Cathrine Mathiesen


Along came Clara – a birth story

Our beautiful baby girl was born on a dark and rainy night towards the end of November. Both consultants and midwives had independently told me that my baby would probably arrive early and be smaller than my first baby (who, at 4000 grams was quite big) and I felt certain it was a boy. Along came Clara, seven days overdue and weighing a healthy 4340g. That’s life - full of surprises. Someone once told me how important it is for women to talk about their birthing experiences. Because they are so intense, dramatic, life-changing that if silenced they might because traumas that can haunt you for the rest of your life. Here is mine.
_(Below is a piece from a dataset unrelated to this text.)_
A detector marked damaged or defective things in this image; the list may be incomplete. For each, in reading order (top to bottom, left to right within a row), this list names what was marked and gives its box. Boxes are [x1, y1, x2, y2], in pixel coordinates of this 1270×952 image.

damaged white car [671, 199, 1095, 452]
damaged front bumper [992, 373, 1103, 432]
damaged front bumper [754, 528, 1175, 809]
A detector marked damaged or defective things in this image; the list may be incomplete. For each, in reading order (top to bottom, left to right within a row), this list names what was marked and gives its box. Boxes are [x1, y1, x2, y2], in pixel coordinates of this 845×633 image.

Thursday morning, six days overdue, we went for a check-up at the hospital, and the midwife did another sweep, having done the first a week before, on the actual due date. This was less painful than what I remembered from my previous pregnancy by the way, because the cervix doesn’t fully close up after a birth, so a nice, soft start. We agreed that I should come back the next morning to have my waters broken, and so we finally knew, that very soon, we were having a baby.
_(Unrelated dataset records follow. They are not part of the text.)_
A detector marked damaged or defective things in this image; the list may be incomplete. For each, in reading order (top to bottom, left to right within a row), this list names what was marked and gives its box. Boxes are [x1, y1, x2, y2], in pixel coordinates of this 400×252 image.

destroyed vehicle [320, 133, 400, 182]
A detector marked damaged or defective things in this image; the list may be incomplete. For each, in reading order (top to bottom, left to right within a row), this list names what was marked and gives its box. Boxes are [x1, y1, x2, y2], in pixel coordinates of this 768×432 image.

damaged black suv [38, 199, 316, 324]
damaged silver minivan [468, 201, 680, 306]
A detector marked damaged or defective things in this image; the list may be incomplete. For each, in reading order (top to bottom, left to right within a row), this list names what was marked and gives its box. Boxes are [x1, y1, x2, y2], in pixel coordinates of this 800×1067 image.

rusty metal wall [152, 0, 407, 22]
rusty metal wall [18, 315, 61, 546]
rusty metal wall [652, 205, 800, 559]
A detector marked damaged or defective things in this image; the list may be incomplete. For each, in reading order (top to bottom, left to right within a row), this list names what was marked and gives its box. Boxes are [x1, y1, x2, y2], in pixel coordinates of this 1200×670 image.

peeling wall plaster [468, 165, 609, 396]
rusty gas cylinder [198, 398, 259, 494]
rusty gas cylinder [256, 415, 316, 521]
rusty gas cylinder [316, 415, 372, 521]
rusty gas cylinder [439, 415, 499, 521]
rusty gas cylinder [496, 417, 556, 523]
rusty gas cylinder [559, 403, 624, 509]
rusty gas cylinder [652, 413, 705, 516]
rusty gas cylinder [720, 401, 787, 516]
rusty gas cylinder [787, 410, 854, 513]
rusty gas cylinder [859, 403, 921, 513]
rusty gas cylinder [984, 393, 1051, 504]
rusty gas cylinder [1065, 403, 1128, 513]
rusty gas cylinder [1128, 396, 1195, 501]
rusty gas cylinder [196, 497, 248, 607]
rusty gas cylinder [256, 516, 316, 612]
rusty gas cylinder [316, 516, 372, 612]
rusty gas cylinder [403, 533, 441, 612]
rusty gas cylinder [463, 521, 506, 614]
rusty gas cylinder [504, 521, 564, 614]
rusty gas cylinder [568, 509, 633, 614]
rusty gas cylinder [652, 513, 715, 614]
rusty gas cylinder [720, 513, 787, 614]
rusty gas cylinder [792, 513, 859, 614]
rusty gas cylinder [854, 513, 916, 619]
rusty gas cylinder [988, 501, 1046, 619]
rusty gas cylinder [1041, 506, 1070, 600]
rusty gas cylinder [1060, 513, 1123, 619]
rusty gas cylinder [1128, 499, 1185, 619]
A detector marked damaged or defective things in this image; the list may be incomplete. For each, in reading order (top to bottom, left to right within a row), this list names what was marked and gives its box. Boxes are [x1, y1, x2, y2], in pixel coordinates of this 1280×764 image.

But back from the hospital I did a couple of hours of yoga and breathing, had dinner with my family and as the hours of that day passed, I could feel something starting. Perhaps it was the sweep, perhaps it was me knowing that the next day we would try to start the birth, perhaps my baby simply was ready to meet the world. If we had broken the waters, I would have had to be induced if the baby still had not come within 24 hours, due to the risk of infection. I’ve heard too many stories of long and complicated induced births - the baby or the body or both were simply not ready. So I was then, and am looking back, relieved and happy it started naturally. But having spent the last couple of weeks constantly scanning my body for evidence of the birth starting, analyzing all movements of the baby, mood swings, bodily changes, cramps and contractions, looking for the right signs, I thought I might have become over-sensitive and found it hard to be sure. However, around 7 pm that same night the mucus plug that helps protect the baby during pregnancy was released as my cervix really was changing and dilating. Even though it could potentially be several days before the baby arrives after this, it was a relief to see that at least it was on its way, something was happening, I was going into labour. I was not afraid. I was excited and ready.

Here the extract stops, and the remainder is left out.